Output from a logistic regression of gender on educational aspiration
If we use SPSS to complete a logistic regression (more on this later) using the student level data from which the summary Figure 4.2.1 was constructed, we get the logistic regression output shown below (Figure 4.2.3).
Figure 4.2.3: Output from a logistic regression of gender on aspiration to continue in FTE post 16
Let’s explain what this output means. The B weights give the linear combination of the explanatory variables that best predict the log odds. So we can determine that the log odds for:
Male: Log [p/(1-p)] = 1.186 + (0.694 * 0) = 1.186
Female: Log [p/(1-p)] = 1.186 + (0.694 * 1) = 1.880
The inverse of the log function is the exponential function, sometimes conveniently also called the anti-logarithm (nice and logical!). So if we want to convert the log odds back to odds we take the exponent of the log odds. So the odds for our example are:
Male: Exp (1.186) = 3.27
Female: Exp (1.880) = 6.55
The odds ratio is given in the SPSS output for the gender variable [indicated as Exp(B)] showing that girls are twice as likely as boys to aspire to continue in FTE.

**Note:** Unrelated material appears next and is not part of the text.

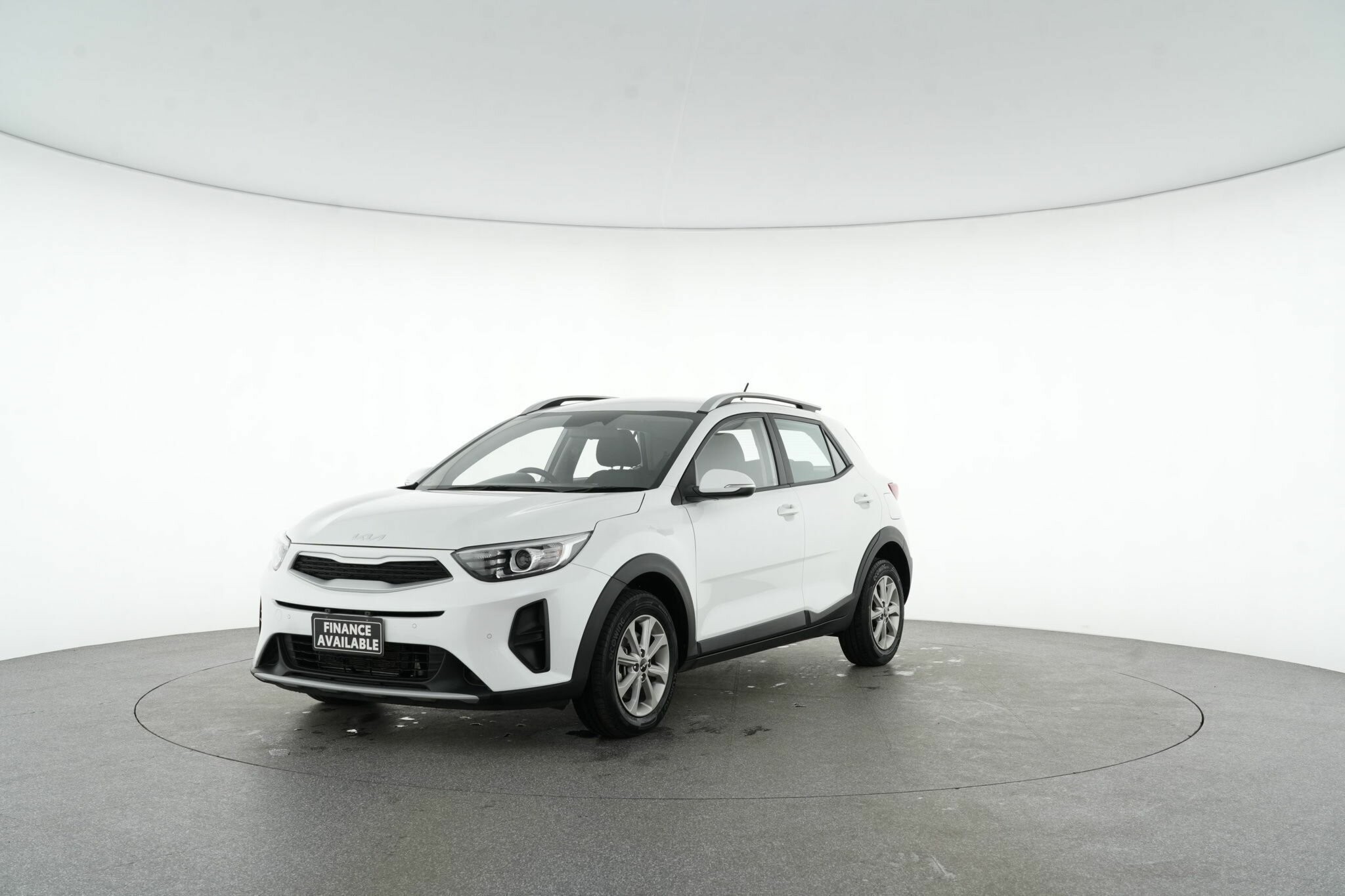 Kia Stonic image 4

By simple algebra we can rearrange the formula odds= [p/(1-p] to solve for probabilities:
Males: p= 3.27 / (1+3.27) = .766
Females: p= 6.55 / (1+6.55) = .868.
These probabilities, odds and odds ratios - derived from the logistic regression model - are identical to those calculated directly from Figure 4.2.1. This is because we have just one explanatory variable (gender) and it has only two levels (girls and boys). This is called a saturated model for which the expected counts and the observed counts are identical. The logistic regression model will come into its own when we have an explanatory variable with more than two values, or where we have multiple explanatory variables. However what we hope this section has done is show you how probabilities, odds, and odds ratios are all related, how we can model the proportions in a binary outcome through a linear prediction of the log odds (or logits), and how these can be converted back into odds ratios for easier interpretation.